On the Value of Mathematics in the Age of GenAI

As I slowly but surely work through catching up on lectures and revision, one of the questions I’ve found myself sitting with is this:

What’s the value of studying mathematics in a world where GenAI can already solve so many of the problems we’re asked to work through? And what does this mean for exams?

I don’t think that’s a silly question to ask because a good chunk of my time is spent doing things that look increasingly automatable. Solving a simple ODE. Diagonalising a matrix. Writing some Python code to optimise a problem. GenAI can already do a surprising amount of that, and often very efficiently.¹

So if answers are becoming easier to generate, what actually remains valuable?

Beyond Getting Answers

I think the first thing worth saying is that mathematics has never really been about just producing answers. AI is very impressive when the problem is already clearly stated. But real problems rarely appear like that. With difficult concepts, the hardest part is often not solving the problem, but figuring out what the problem even is. What can be assumed? What matters? What can be ignored? What’s the right model? What would count as a sensible answer?

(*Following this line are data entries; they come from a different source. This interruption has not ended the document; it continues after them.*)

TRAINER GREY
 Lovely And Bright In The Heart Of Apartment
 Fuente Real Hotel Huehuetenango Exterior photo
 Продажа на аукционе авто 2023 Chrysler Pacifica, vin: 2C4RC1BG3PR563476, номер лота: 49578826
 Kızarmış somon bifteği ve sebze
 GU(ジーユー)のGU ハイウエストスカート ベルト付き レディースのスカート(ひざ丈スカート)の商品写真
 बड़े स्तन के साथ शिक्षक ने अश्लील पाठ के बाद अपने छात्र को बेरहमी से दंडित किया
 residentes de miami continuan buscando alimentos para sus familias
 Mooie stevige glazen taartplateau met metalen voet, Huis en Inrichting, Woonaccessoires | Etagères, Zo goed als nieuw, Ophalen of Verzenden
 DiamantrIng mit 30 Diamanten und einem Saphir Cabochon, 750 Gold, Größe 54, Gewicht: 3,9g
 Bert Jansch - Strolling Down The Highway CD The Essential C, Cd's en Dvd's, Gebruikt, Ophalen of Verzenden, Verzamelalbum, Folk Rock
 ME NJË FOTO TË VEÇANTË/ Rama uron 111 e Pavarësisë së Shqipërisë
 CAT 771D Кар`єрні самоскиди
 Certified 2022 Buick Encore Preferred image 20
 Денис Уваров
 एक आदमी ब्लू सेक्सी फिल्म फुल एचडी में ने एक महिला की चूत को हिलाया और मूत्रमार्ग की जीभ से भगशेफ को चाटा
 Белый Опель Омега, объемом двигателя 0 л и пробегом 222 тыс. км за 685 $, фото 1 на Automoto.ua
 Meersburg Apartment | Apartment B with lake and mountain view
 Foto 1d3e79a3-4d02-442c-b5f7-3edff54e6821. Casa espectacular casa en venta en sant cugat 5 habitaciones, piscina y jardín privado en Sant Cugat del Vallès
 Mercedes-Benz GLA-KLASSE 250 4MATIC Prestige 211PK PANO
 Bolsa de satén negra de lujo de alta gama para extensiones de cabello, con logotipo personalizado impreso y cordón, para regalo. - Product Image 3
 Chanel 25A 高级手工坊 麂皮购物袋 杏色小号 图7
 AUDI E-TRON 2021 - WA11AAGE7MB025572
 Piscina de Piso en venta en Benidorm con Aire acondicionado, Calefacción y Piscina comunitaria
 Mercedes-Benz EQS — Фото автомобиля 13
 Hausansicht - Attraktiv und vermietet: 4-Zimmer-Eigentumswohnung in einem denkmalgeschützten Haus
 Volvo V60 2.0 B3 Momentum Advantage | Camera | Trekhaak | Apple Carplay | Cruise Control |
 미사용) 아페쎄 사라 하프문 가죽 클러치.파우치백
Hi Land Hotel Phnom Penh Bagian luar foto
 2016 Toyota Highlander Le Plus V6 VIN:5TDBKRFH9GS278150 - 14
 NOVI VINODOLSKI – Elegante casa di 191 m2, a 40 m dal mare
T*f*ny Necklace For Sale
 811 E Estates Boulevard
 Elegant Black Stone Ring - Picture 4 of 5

An answer can look elegant and still be completely incorrect. A proof can seem plausible while relying on something unjustified. A model can produce clean results while being built on assumptions that do not fit reality at all. That instinct, that ability to question and test and challenge what is in front of you matters enormously.

Mathematics teaches you not just how to solve structured problems, but how to think clearly in situations where the structure is not obvious yet. How to reason carefully, how to tolerate uncertainty, and how to build something coherent out of confusion. And in a world where answers are increasingly easy to generate, I think those skills become more valuable, not less. That kind of judgment feels much harder to automate, and I think it’s one of the most underrated mathematical skills.

I had the pleasure of attending James Maynard’s lecture yesterday at the Royal Institution on Sophie Germain and prime numbers², and one of the things that really stayed with me was the beauty of the ideas people come up with. It’s funny how some of the most interesting mathematical thinking comes not from immediately being right, but sometimes making a mistake that reveals something more about a problem than the ‘correct’ path would have done.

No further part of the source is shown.